▶ [Records supplied]
Start of Block
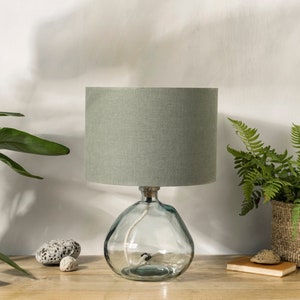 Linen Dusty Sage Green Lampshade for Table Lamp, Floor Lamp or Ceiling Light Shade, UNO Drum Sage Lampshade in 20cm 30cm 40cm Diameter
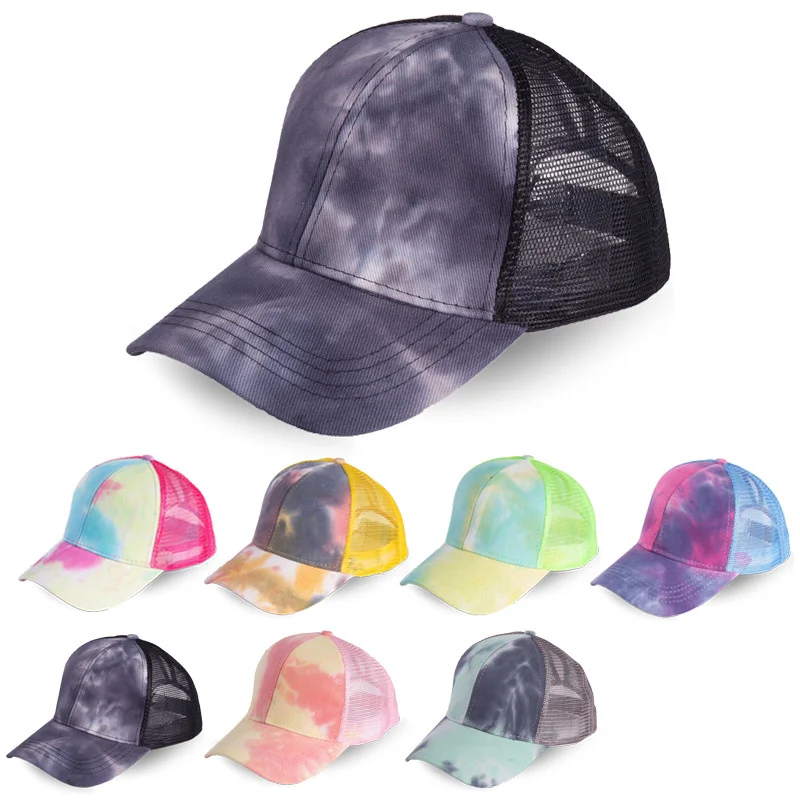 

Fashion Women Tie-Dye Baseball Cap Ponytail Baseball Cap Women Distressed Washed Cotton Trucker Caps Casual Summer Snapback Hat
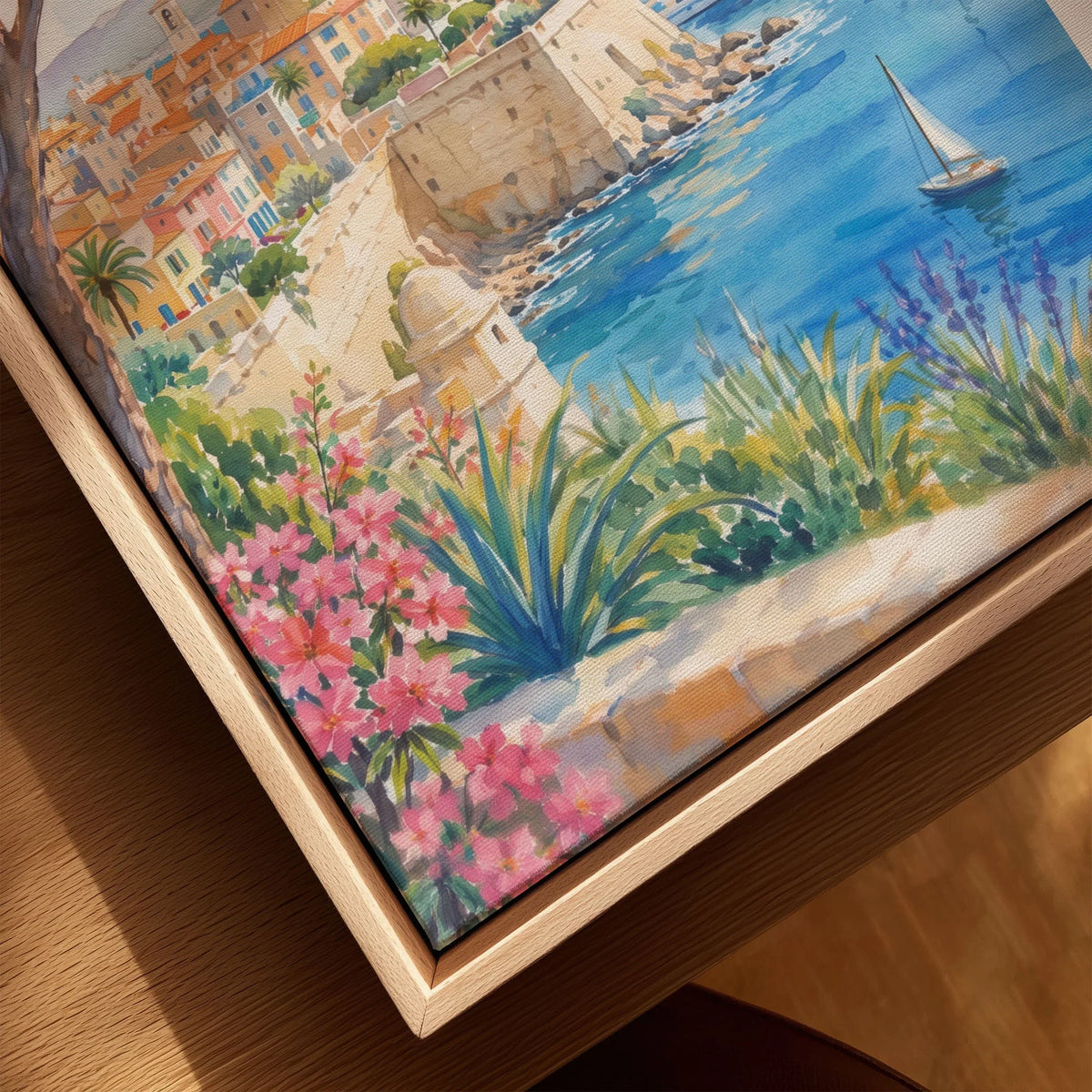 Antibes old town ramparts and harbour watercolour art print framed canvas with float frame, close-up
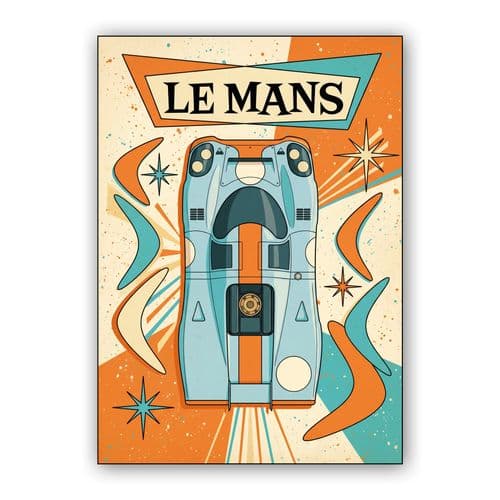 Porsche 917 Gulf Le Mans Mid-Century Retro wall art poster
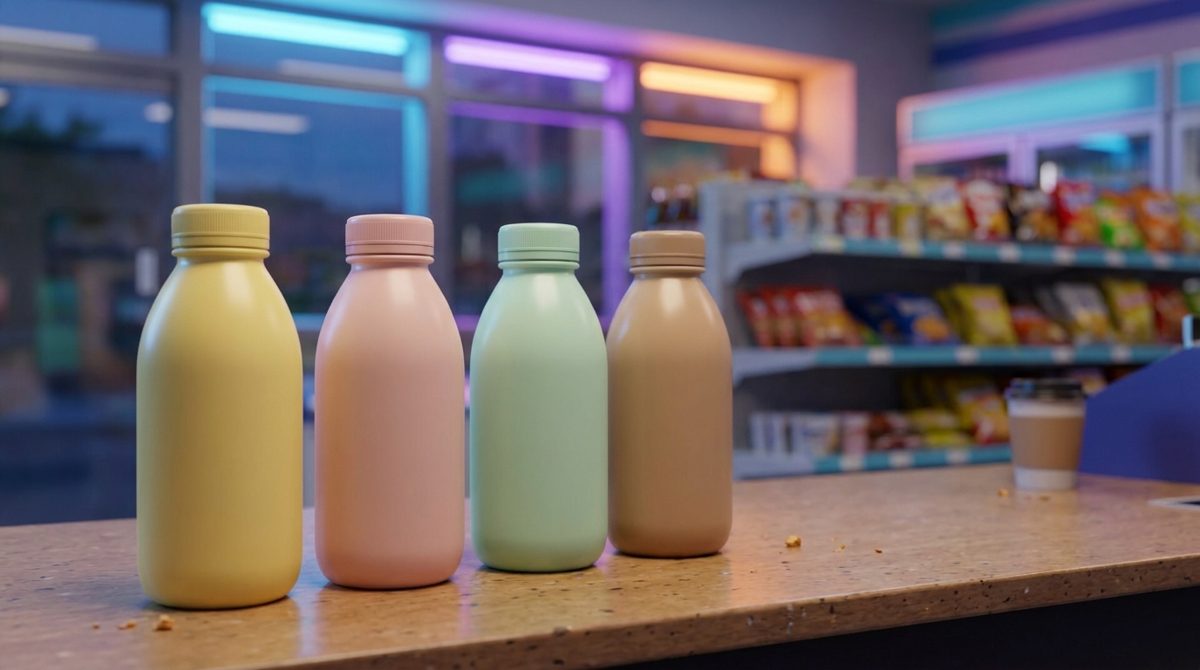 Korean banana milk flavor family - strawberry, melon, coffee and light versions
End of Block
Start of Block
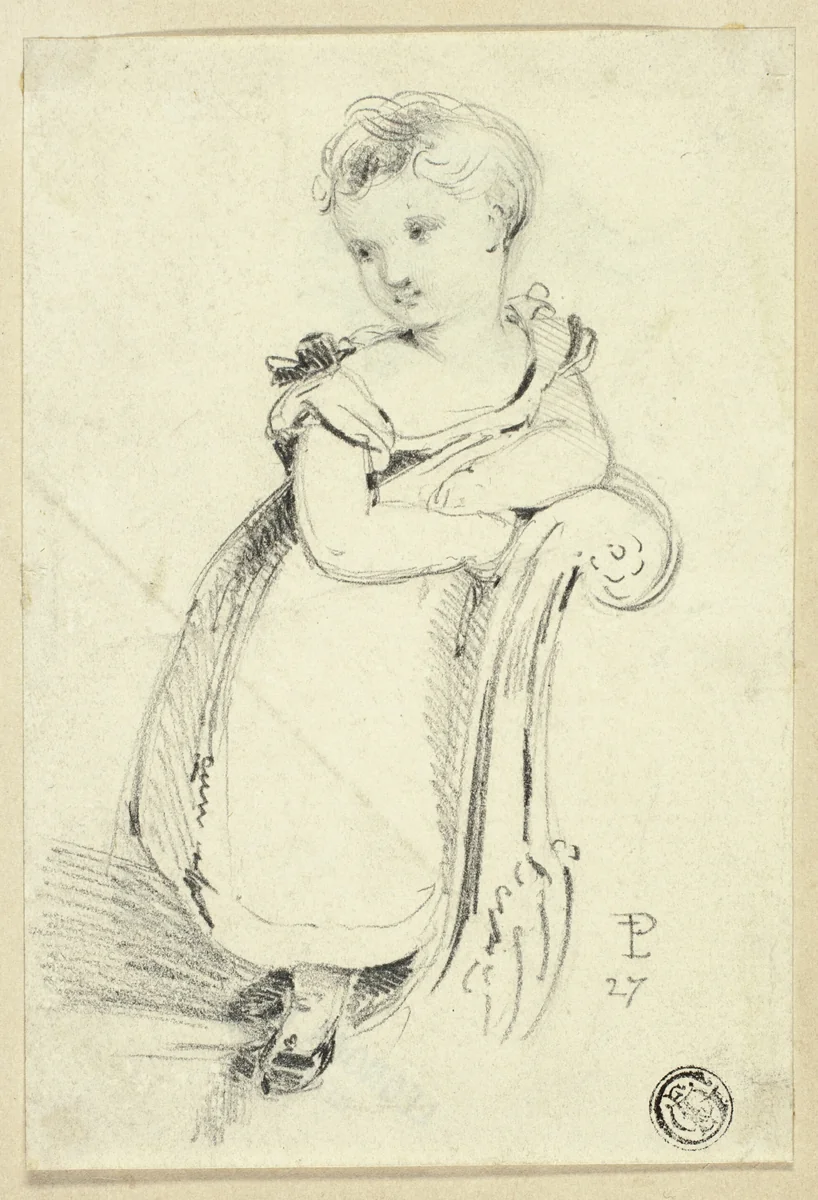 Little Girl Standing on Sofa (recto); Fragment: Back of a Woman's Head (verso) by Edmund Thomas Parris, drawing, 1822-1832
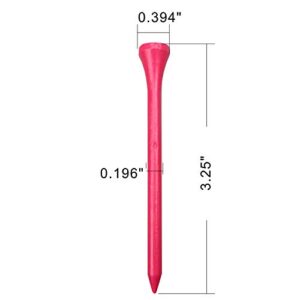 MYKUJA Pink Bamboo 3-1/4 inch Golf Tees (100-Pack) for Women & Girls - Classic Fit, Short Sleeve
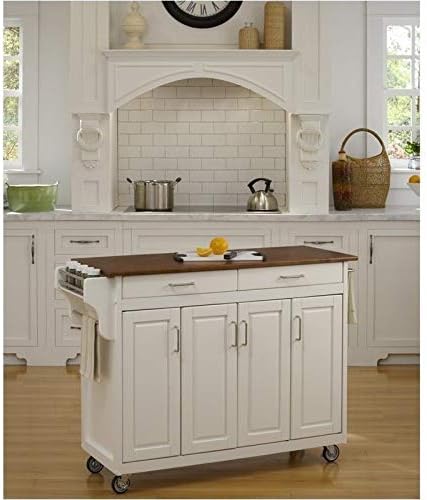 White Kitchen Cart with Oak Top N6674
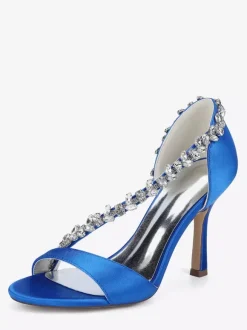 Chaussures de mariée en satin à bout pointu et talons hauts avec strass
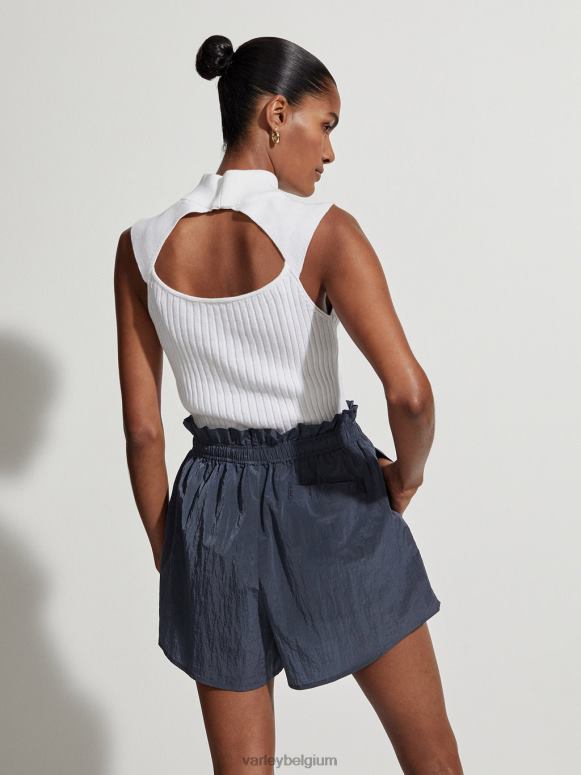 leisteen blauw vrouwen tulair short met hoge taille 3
End of Block
Start of Block
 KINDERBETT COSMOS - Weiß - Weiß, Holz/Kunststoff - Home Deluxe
End of Block
▶ [What is needed] Using the entries above, write out exactly the lines from the one with "Linen Dusty Sage" through the one with "Fashion Women Tie-Dye", ends included. Leave out any pictures.

▶ [Answer space]
 Linen Dusty Sage Green Lampshade for Table Lamp, Floor Lamp or Ceiling Light Shade, UNO Drum Sage Lampshade in 20cm 30cm 40cm Diameter

Fashion Women Tie-Dye Baseball Cap Ponytail Baseball Cap Women Distressed Washed Cotton Trucker Caps Casual Summer Snapback Hat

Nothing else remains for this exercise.